**TRY IT**
A partial copy is required: transcribe exactly the lines from the one containing "this 600×400 image." through the last line below, without any pictures.

**DATA FOR ANALYSIS**

....

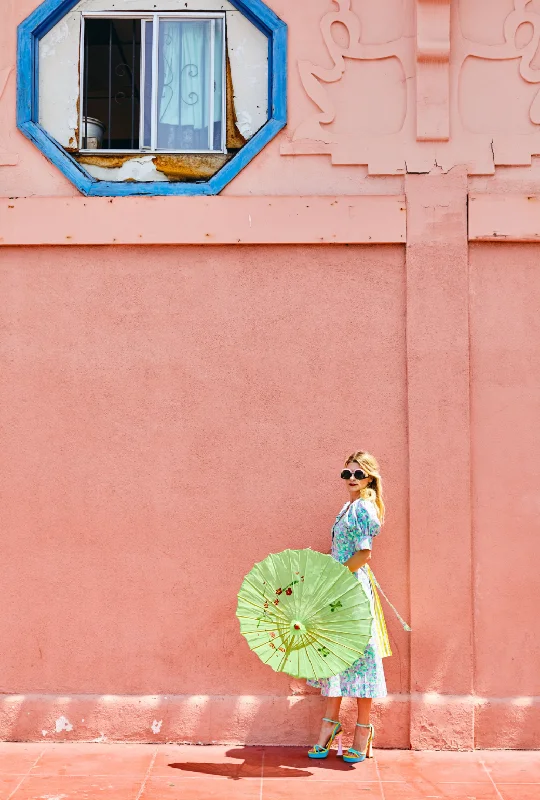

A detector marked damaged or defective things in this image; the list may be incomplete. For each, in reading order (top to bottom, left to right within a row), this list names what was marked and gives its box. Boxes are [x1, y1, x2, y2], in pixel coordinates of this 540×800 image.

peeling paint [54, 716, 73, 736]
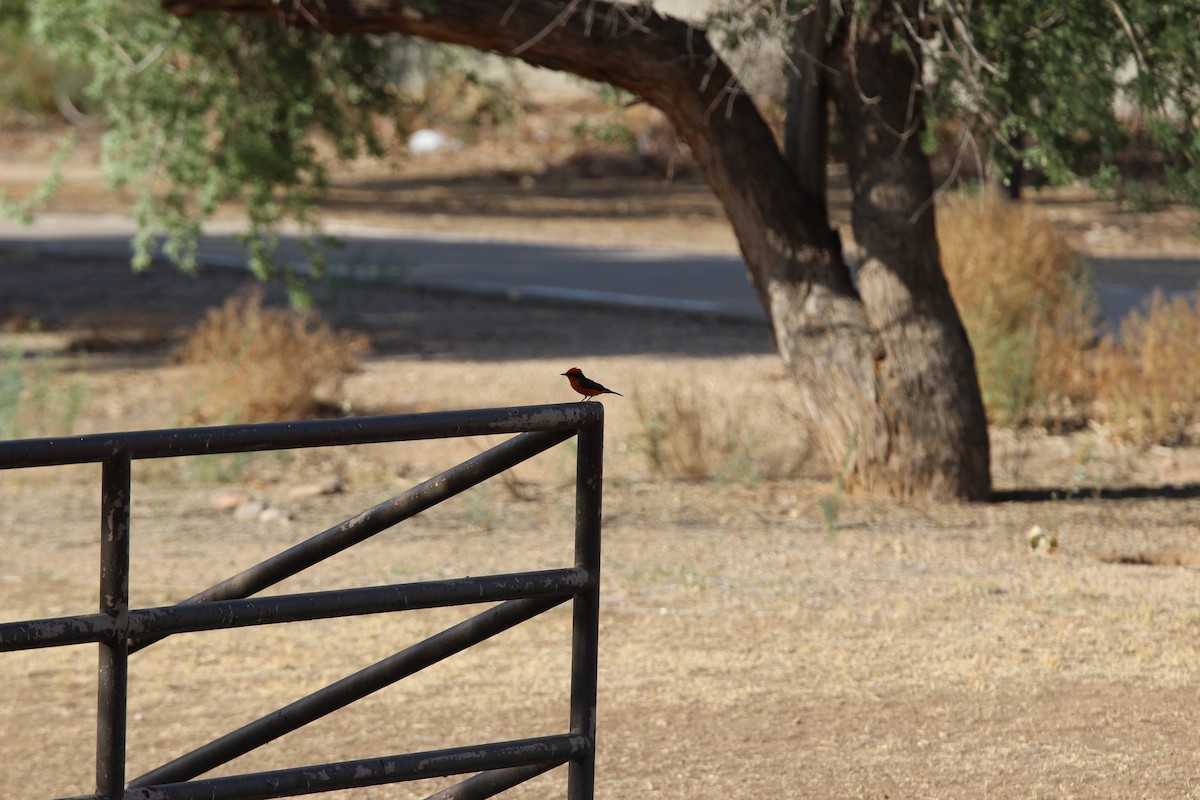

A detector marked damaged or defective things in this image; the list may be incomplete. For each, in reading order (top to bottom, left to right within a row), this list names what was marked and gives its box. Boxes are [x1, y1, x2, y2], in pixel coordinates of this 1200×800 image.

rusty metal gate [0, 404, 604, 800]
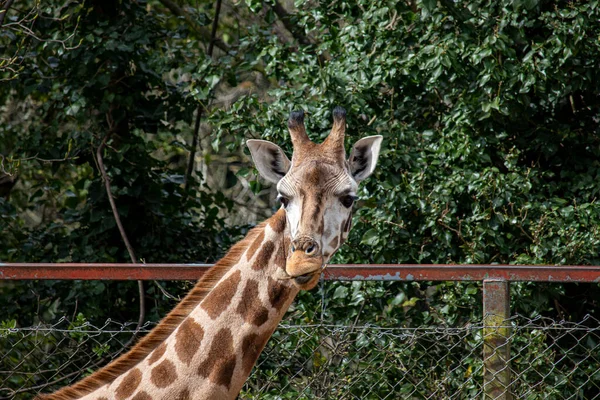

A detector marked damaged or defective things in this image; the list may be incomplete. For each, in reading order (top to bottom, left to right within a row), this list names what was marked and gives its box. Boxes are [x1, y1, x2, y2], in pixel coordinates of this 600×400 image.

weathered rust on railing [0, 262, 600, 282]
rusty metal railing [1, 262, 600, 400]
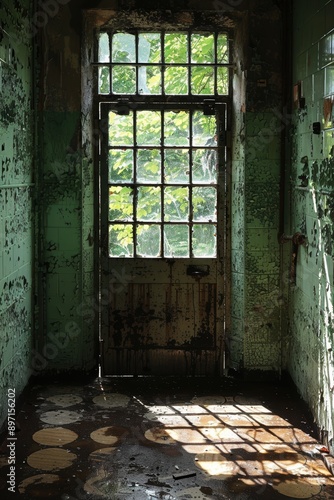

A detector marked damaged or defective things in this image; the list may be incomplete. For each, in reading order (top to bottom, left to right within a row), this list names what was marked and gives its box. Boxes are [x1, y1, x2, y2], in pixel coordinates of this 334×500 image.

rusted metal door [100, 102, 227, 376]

....

**WORKED SOLUTION**
A detector marked damaged or defective things in this image; the list may be incomplete. For each, in reading order (top to bottom, left to right within a row), this list names what was marked and gives its box. Boxes are [x1, y1, x2, y2], in pixel coordinates of this 600×400 image.

weathered rust on railing [0, 262, 600, 282]
rusty metal railing [1, 262, 600, 400]

A detector marked damaged or defective things in this image; the list may be incomplete. For each, in reading order (top to bottom, left to right within a row), this list names what was marked and gives its box. Boxes are [x1, y1, x2, y2], in pixel coordinates of this 334×500 image.

rusted metal door [100, 102, 227, 376]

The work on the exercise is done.